En 1562 le sucedió Adam de Dietrichstein, quien, aunque nombrado por Fernando I, enseguida pasó a representar a otro emperador, su hijo Maximiliano II, cuyas evidentes simpatías luteranas se convirtieron en un quebradero de cabeza para la dinastía. Por ese motivo, Felipe II llegó a encargar personalmente al embajador alemán la misión de convencer a su propio emperador (primo del rey) para que regresara a la Iglesia Católica. Dietrichstein era un convencido católico, pero entendió muy bien que no le convenía desairar a un emperador cuyos intereses representaba en Madrid. Como tampoco quería malquistarse con Felipe II, cumplió el encargo sin esmerarse más de lo necesario, y cuando dejó la Embajada en 1571 lo hizo con su prestigio en todo lo alto.

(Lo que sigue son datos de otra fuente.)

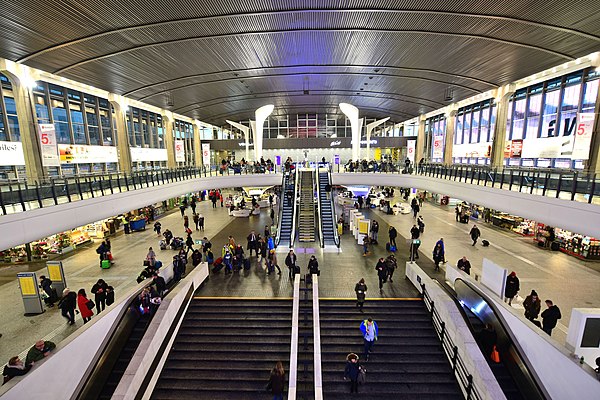 Main hall. The futuristic mezzanine was added between 2015 and 2016.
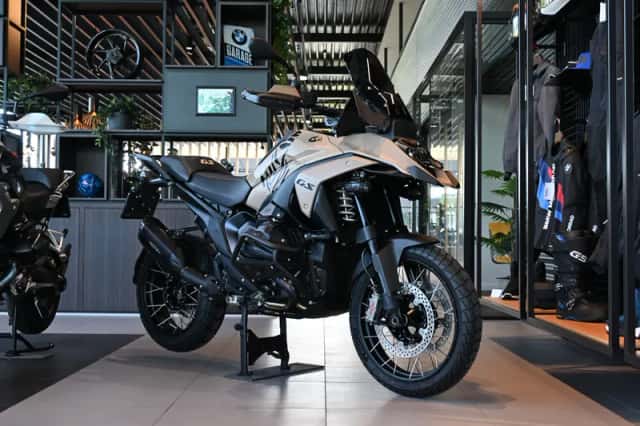 BMW R 1300 GS Van Harten Special (2023) thumbnail 3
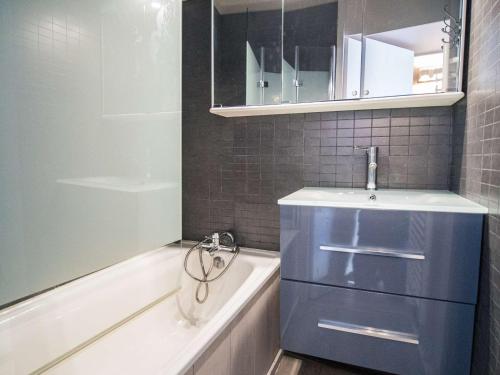une salle de bain avec un lavabo et une baignoire dans l'établissement Val Thorens : Appartement 4 pers rénové avec balcon, local à ski, au pied des pistes - FR-1-637-70, à Val Thorens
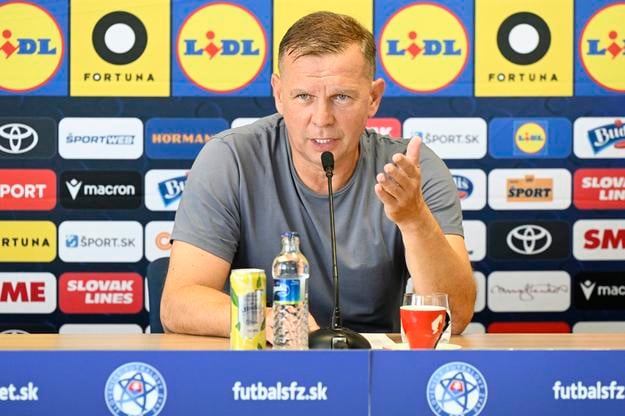 Jaroslav Kentoš oznamuje nomináciu na úvodné septembrové zápasy kvalifikácie ME U21 2027 proti Andorre a Moldavsku na tlačovej konferencii v Bratislave.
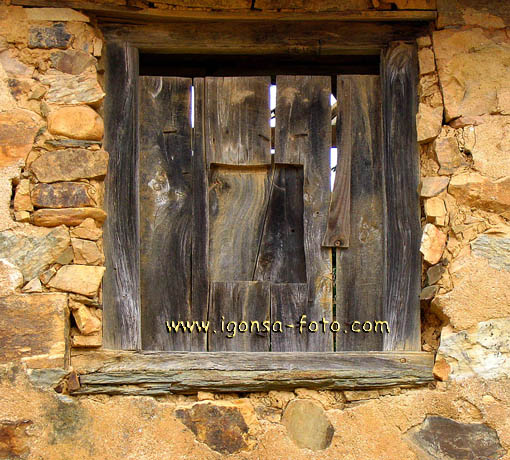 Ventana/Window 5533 Santa Colomba de Somoza(Leon)
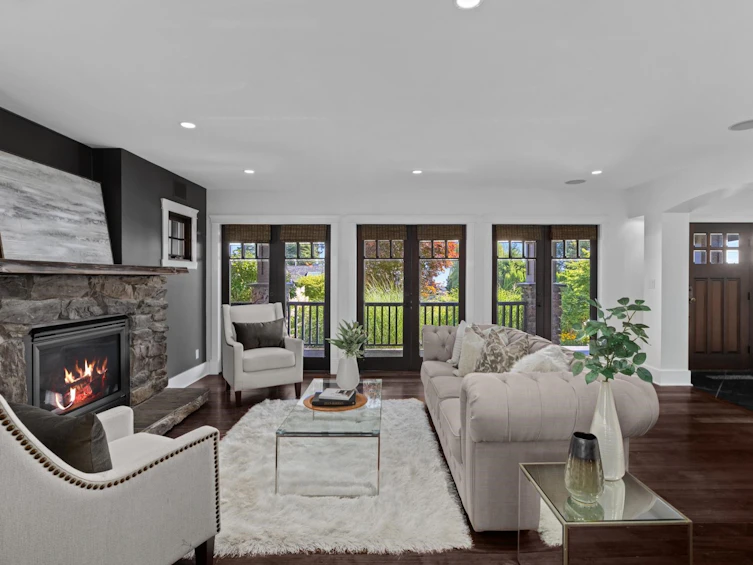 240 Holyrood Road, North Vancouver, BC, V7N 2R5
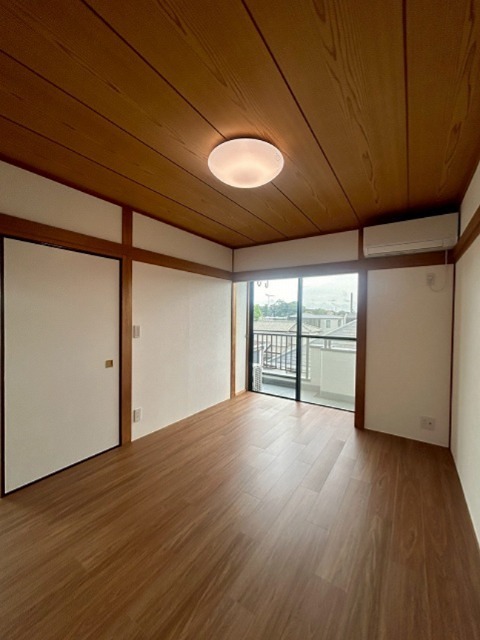 T＆Mビル ベッドルーム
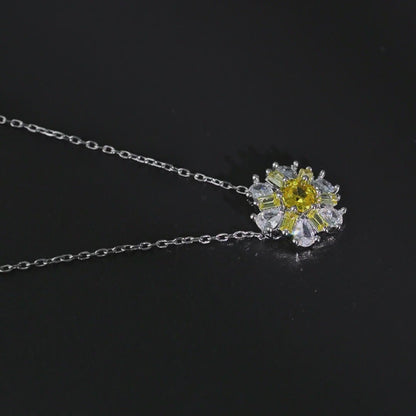 Daisy Bloom Adjustable Necklace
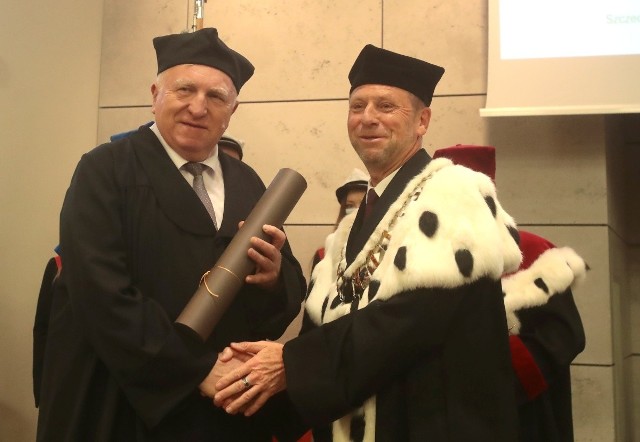 Profesor Zygmunt Litwińczuk otrzymał tytuł doktora honoris causa ZUT
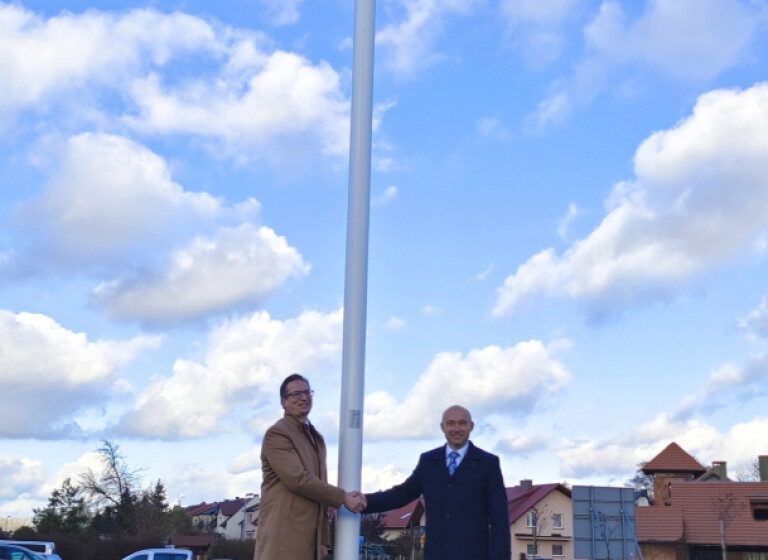  „Pod Biało-Czerwoną” nowy maszt w Rydzynie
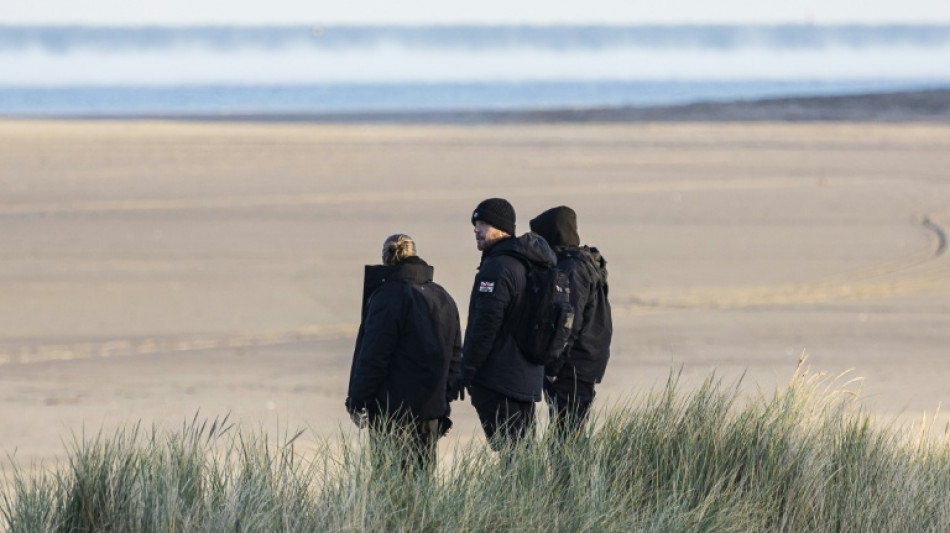 Francia detiene a dos activistas brit&aacute;nicos por una campa&ntilde;a antimigrantes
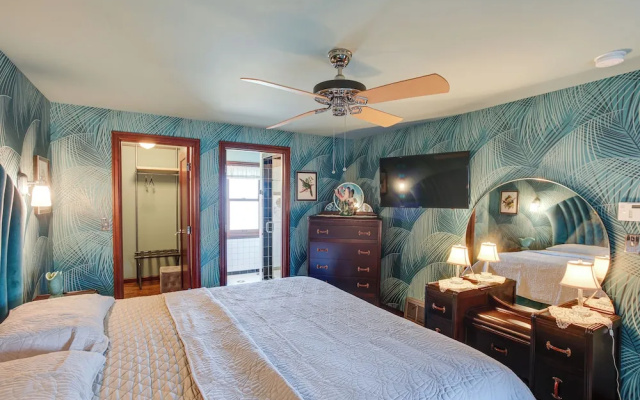 photo 4 of Retro-style Home in Ruston: Walkable Location!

Adam de Dietrichstein fue sucedido por Hans de Khevenhüller de Aichelberg, quien no sólo residió en la Casa de Vargas, sino que incluso falleció en ella en 1606, poco después del regreso de la Corte a Madrid. Se cuenta que el nuevo embajador se integró de tal manera en la Villa y Corte que se hizo amigo íntimo y hombre de confianza de Felipe II, quien le hizo entrega del Toisón de Oro, e incluso colaboró activamente en la construcción de la Casa de la Moneda de Segovia. Hans Khevenhüller permaneció célibe hasta su muerte y fue sucedido al frente de su condado por su hermano Bartolomeo, cuyo hijo, Franz Christoph Khevenhüller, fue también embajador en Madrid con el emperador Fernando II. Hans Khevenhüller, quien nunca cobró un sueldo por su misión diplomática e incluso llegó a afirmar que vivía “arruinado”, está enterrado en el monasterio de San Jerónimo el Real de Madrid.